- What to produce -
This exercise calls for retyping every line below exactly, with the images omitted.

Image-text web data
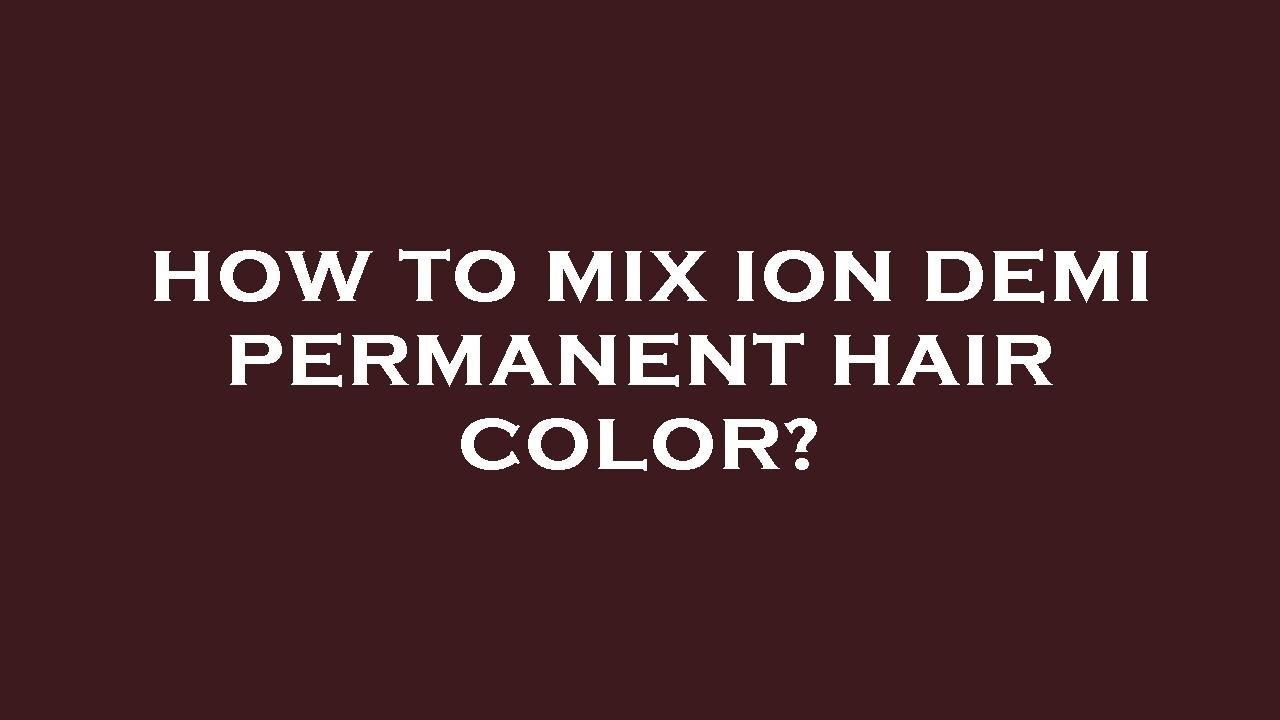 How To Mix Ion Demi Permanent Hair Color YouTube How To Mix Ion Demi Permanent Hair Color YouTube
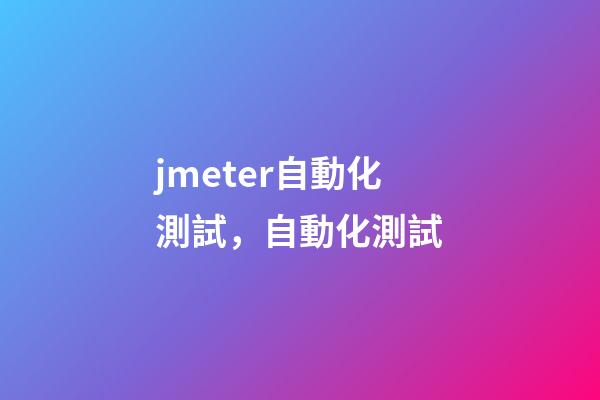 jmeter自動化測試，自動化測試-第1張-觀點-玄機派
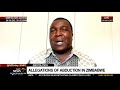 ZIM Politics | Allegations of abductions in Zimbabwe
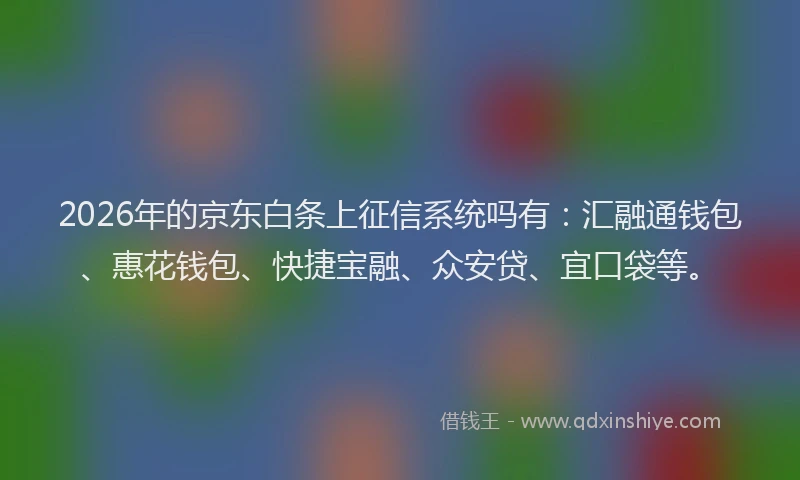 2026年的京东白条上征信系统吗有:汇融通钱包、惠花钱包、快捷宝融、众安贷、宜口袋等。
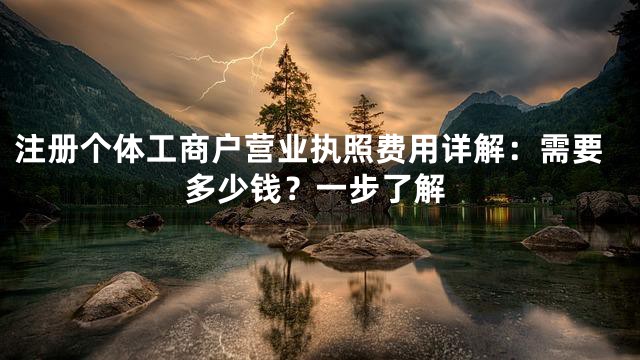 注册个体工商户营业执照费用详解：需要多少钱？一步了解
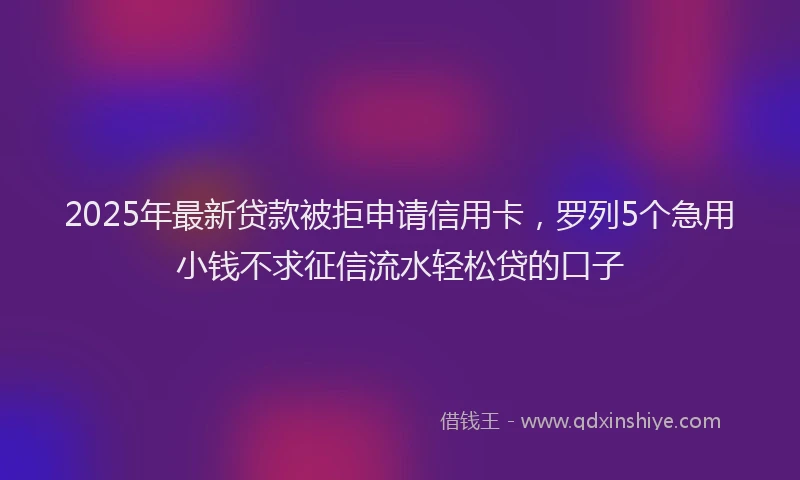 2025年最新贷款被拒申请信用卡，罗列5个急用小钱不求征信流水轻松贷的口子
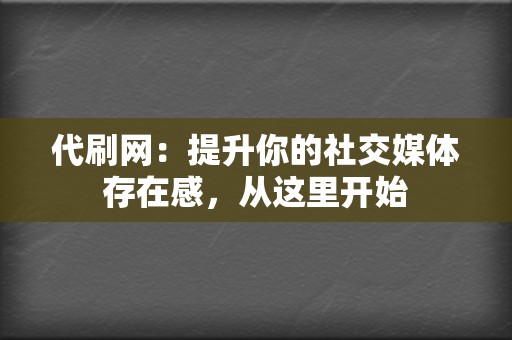 代刷网：提升你的社交媒体存在感，从这里开始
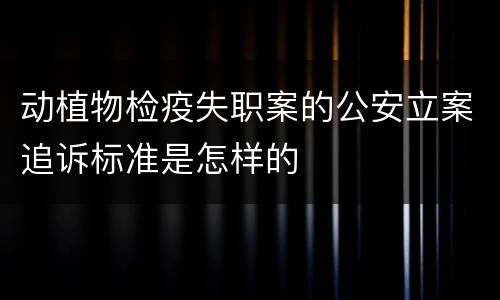 动植物检疫失职案的公安立案追诉标准是怎样的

- Answer area -
 How To Mix Ion Demi Permanent Hair Color YouTube How To Mix Ion Demi Permanent Hair Color YouTube
 jmeter自動化測試，自動化測試-第1張-觀點-玄機派
 ZIM Politics | Allegations of abductions in Zimbabwe
 2026年的京东白条上征信系统吗有:汇融通钱包、惠花钱包、快捷宝融、众安贷、宜口袋等。
 注册个体工商户营业执照费用详解：需要多少钱？一步了解
 2025年最新贷款被拒申请信用卡，罗列5个急用小钱不求征信流水轻松贷的口子
 代刷网：提升你的社交媒体存在感，从这里开始
 动植物检疫失职案的公安立案追诉标准是怎样的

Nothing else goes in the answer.